TASK PROMPT — Set down each line of the material that follows exactly, and leave its pictures out.

DATA PROVIDED —

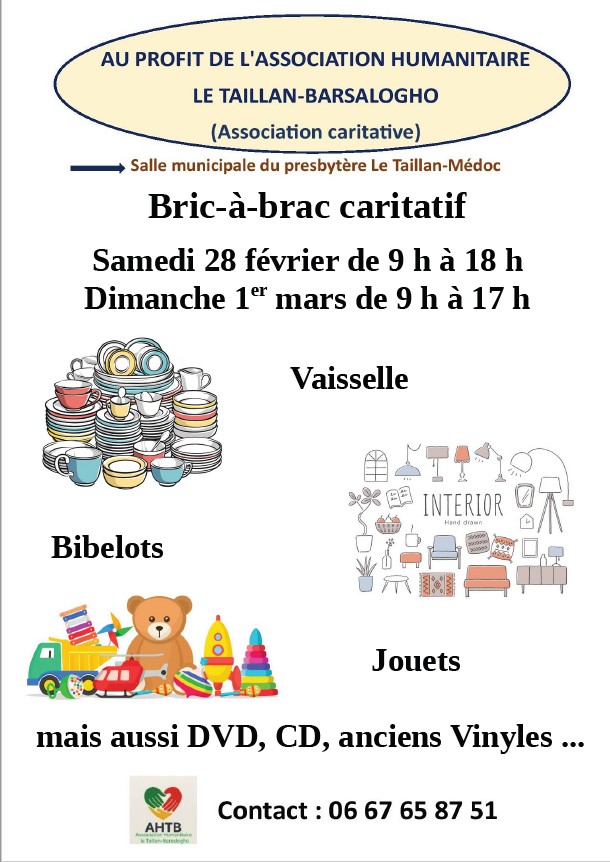 Bric-à-brac caritatif - Association humanitaire Le Taillan-Barsalogho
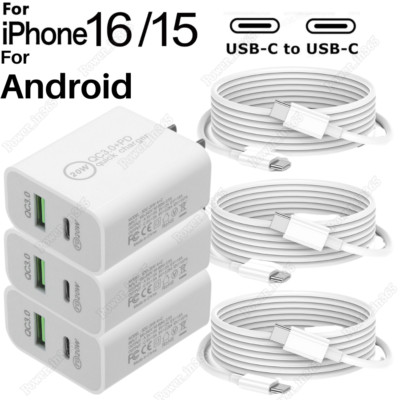 For iPhone 16 15 iPad Pro Samsung 20W USB Type-C Power Adapter Fast Charger Cord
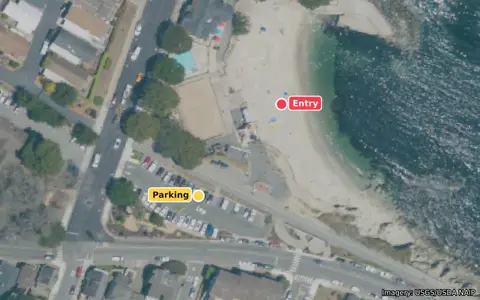 Map preview of Lovers Point with the entry and parking marked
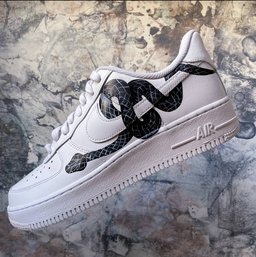 Custom Air Force 1 White Graphic And Snake Print - view 2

RESULT OF THE EXERCISE —
 Bric-à-brac caritatif - Association humanitaire Le Taillan-Barsalogho
 For iPhone 16 15 iPad Pro Samsung 20W USB Type-C Power Adapter Fast Charger Cord
 Map preview of Lovers Point with the entry and parking marked
 Custom Air Force 1 White Graphic And Snake Print - view 2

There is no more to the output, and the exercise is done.